* _Problem details_:
Find the lines holding the string "walls" in the data, then copy all of them.

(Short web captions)

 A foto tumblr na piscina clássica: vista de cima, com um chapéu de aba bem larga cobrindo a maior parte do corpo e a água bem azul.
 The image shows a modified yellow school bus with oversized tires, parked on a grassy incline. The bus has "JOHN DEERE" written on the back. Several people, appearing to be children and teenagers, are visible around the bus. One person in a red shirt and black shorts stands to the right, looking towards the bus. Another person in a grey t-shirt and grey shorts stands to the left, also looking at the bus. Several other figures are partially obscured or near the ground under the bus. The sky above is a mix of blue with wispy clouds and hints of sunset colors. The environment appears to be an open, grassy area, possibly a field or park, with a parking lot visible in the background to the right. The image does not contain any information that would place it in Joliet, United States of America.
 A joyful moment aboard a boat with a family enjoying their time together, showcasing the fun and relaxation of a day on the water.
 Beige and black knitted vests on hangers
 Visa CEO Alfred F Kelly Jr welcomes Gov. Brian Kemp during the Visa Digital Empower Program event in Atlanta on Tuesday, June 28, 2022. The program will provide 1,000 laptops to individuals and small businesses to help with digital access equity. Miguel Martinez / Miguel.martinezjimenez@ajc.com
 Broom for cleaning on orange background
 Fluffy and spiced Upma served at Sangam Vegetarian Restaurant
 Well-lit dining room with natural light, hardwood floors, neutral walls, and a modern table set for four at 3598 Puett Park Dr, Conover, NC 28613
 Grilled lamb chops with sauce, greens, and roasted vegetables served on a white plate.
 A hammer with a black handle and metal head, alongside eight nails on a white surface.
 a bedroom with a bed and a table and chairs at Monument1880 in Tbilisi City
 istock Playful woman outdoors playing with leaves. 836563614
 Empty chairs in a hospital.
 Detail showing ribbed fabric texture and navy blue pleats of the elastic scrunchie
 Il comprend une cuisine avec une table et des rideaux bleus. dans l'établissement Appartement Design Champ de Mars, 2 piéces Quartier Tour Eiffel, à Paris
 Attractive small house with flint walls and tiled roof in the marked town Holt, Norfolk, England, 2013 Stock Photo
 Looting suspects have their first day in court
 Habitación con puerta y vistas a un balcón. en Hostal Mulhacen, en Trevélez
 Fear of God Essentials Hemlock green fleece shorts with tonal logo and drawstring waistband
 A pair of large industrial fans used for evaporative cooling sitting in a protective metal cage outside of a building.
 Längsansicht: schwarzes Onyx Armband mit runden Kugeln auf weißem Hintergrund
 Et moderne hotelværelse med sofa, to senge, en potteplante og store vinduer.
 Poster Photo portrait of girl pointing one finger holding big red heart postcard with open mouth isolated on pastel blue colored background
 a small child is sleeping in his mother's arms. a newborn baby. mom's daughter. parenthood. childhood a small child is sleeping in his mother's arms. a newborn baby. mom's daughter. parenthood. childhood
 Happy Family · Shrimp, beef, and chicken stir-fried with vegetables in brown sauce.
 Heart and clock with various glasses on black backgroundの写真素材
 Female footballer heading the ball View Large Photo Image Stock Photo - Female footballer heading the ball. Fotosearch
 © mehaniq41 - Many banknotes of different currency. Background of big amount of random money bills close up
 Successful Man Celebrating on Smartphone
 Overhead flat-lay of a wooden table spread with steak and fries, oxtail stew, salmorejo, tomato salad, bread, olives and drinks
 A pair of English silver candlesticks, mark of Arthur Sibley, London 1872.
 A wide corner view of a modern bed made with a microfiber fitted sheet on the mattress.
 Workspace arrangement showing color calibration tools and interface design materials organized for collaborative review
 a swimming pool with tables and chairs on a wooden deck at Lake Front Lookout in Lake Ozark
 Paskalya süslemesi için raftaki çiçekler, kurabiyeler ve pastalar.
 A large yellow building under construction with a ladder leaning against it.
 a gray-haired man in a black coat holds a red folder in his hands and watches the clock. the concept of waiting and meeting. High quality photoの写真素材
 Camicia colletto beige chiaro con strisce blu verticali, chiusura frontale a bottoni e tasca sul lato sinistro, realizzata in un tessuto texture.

* _Exercise answer_:
 Well-lit dining room with natural light, hardwood floors, neutral walls, and a modern table set for four at 3598 Puett Park Dr, Conover, NC 28613
 Attractive small house with flint walls and tiled roof in the marked town Holt, Norfolk, England, 2013 Stock Photo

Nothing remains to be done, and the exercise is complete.